## ABOUT THIS EXERCISE
Here the job is to transcribe the data exactly while omitting the images.

## SOURCE MATERIAL
----
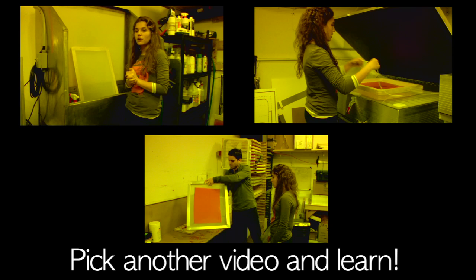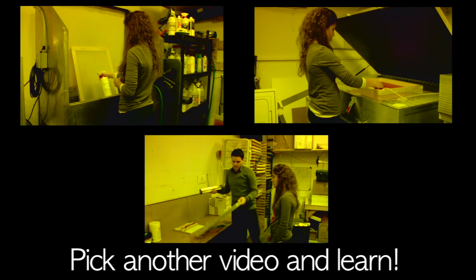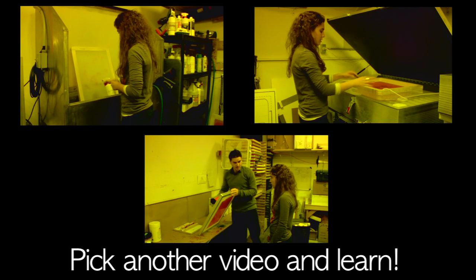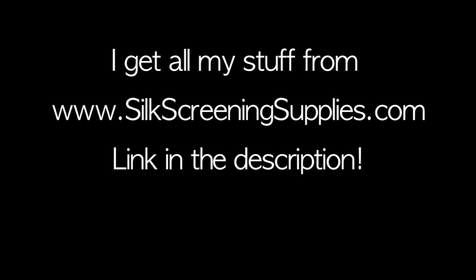So get excited guys! Give me a shout today. Thank you.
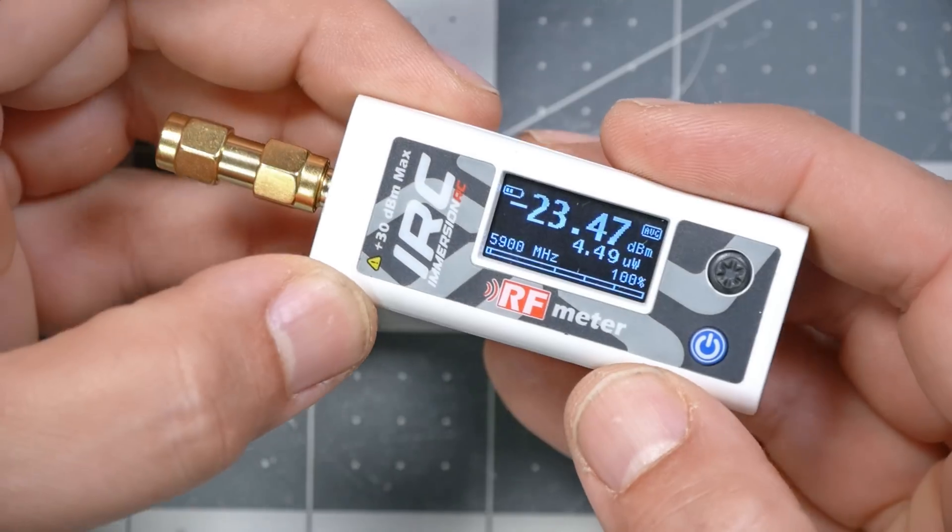This is the ImmersionRC RF power meter. It costs about a hundred bucks, which is not cheap until you look at how much other RF power meters cost — and then you realize this is a really, really inexpensive RF power meter. It's not as precise as lab-grade equipment, but it is more than precise enough to answer the kind of questions that RC hobbyists have about their equipment. I'm Joshua Bardwell. You're going to learn something today.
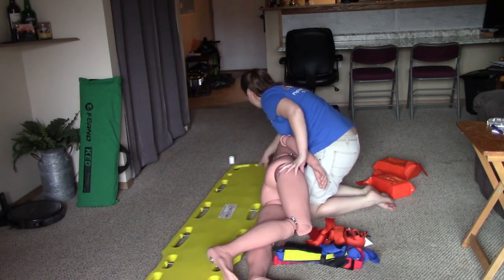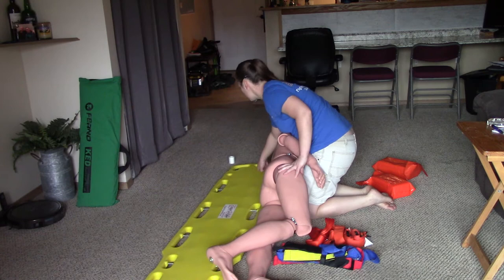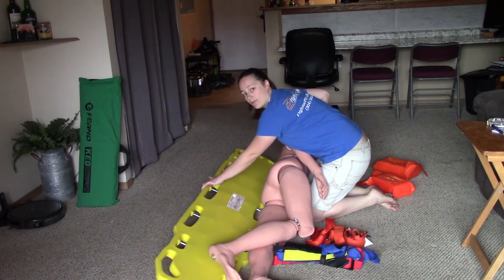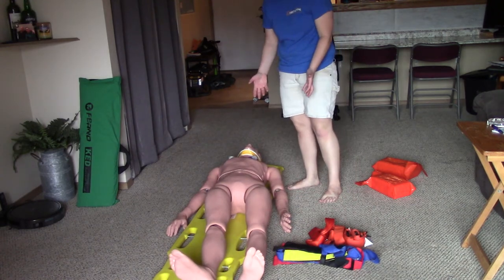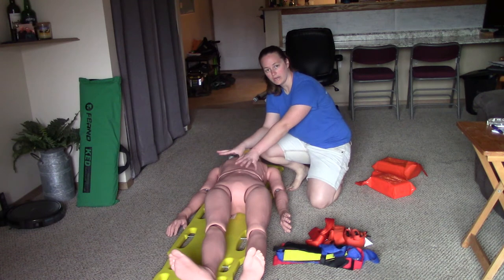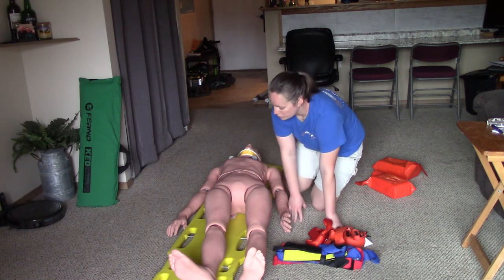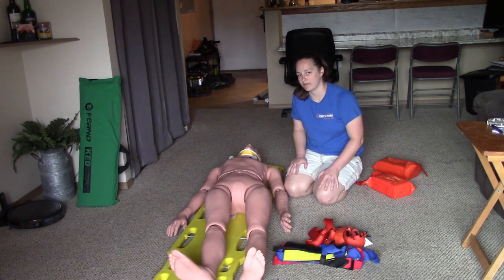We're going to log roll our patient onto the backboard. Once you get your patient onto the backboard, you want their head just below the hole at the top of the backboard. One thing that helps is making sure the board is snug under the patient, and tilting it up as you push your patient onto it — log roll back down on three: one, two, three. The patient may be a little lopsided on the backboard, so we'll do what's called the long axis drag to center them.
----
## TASK ANSWER
So get excited guys! Give me a shout today. Thank you.
This is the ImmersionRC RF power meter. It costs about a hundred bucks, which is not cheap until you look at how much other RF power meters cost — and then you realize this is a really, really inexpensive RF power meter. It's not as precise as lab-grade equipment, but it is more than precise enough to answer the kind of questions that RC hobbyists have about their equipment. I'm Joshua Bardwell. You're going to learn something today.
We're going to log roll our patient onto the backboard. Once you get your patient onto the backboard, you want their head just below the hole at the top of the backboard. One thing that helps is making sure the board is snug under the patient, and tilting it up as you push your patient onto it — log roll back down on three: one, two, three. The patient may be a little lopsided on the backboard, so we'll do what's called the long axis drag to center them.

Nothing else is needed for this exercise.